Can Linux be infected by MalWare and is it a big concern? The answer to that question is both Yes and No: Yes, Linux can be Infected and No, it isn’t a big nightmare – yet.
Unless you downloaded the Unreal IRCd (Unreal IRC daemon) and installed it between November 2009 and June 2010 on your Linux server. There was a Trojan downloader in it. A Linux Trojan. See the Softpedia Article
The Trojan went undetected because no one bothered to check for viruses for a whole 7 months. A simple virus scan before installing would have revealed the Trojan. The relative security of Linux had lulled the Sysop on the Unreal IRCd website into not checking for MalWare (Viruses and Trojans). Linux users for the most part don’t scan for viruses because they believe “Linux is Immune”

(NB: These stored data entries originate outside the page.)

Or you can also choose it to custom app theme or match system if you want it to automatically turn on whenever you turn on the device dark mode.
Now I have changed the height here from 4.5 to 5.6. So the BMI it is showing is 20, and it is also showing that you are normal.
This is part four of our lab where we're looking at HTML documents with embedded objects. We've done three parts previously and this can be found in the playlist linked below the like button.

For 7 months a Trojan went undiscovered in a Linux software package
Out of date knowledge can be dangerous, especially for those who “assume” that “Linux is Immune”. Just isn’t true according to the current information that is out there. I just found out about the Unreal IRCd Trojan today October 27, 2011. I’d never heard of it because I’d never looked for it. I even was aware of the fact that Linux wasn’t immune.

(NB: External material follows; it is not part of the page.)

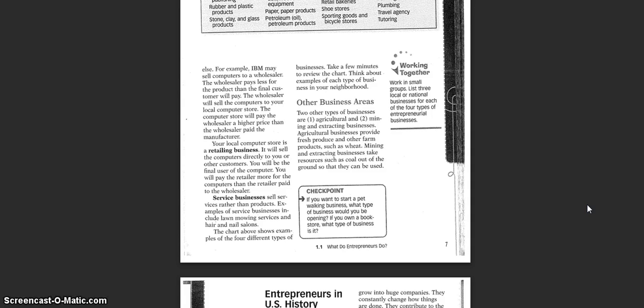Service businesses sell services rather than products. Examples of service businesses include lawn mowing services and hair and nail salons. The chart above shows different examples of the four types of businesses. Take a look at that chart and think about how these businesses exist in your neighborhood.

So I spent some time online re-checking the “facts” as I know them. Found that I was mostly correct. Made a few adjustments but also was encouraged because I’ve been scanning downloads to my Linux systems for several years. A “bad” Windows habit that turned out being wise after all.

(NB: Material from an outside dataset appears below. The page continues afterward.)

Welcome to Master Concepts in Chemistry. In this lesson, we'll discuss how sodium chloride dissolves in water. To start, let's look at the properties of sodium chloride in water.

There are two main ways a virus or Trojan infects a computer system. It’s either self or user executed.
Self executed is a virus or Trojan that uses a system security flaw, or exploit, to install itself without user interaction. Usually comes from an external source like a website or a media device like a USB FlashDrive and without your knowledge
User executed is when you install infected software (the Unreal IRCd comes to mind), execute a file by opening it or by giving permission when prompted to install it.
How big is the current Linux MalWare problem today?
I came across an Ubuntu Community Document called Linuxvirus that’s dated April 9, 2011 and lists 35 total Malwares that could infect Ubuntu Linux, a good number of which are no longer a threat. At the bottom of the page it recommends a Linux Anti-Virus solution called ClamAV that scans for MalWare for all the platforms: Windows, Linux, Macintosh and even Unix.
So if you are not setting up a Linux mail server or are someone who doesn’t indiscriminately download and install software from dubious websites you really have little to worry about. The Unreal IRCd wasn’t “dubious”, it had been hacked!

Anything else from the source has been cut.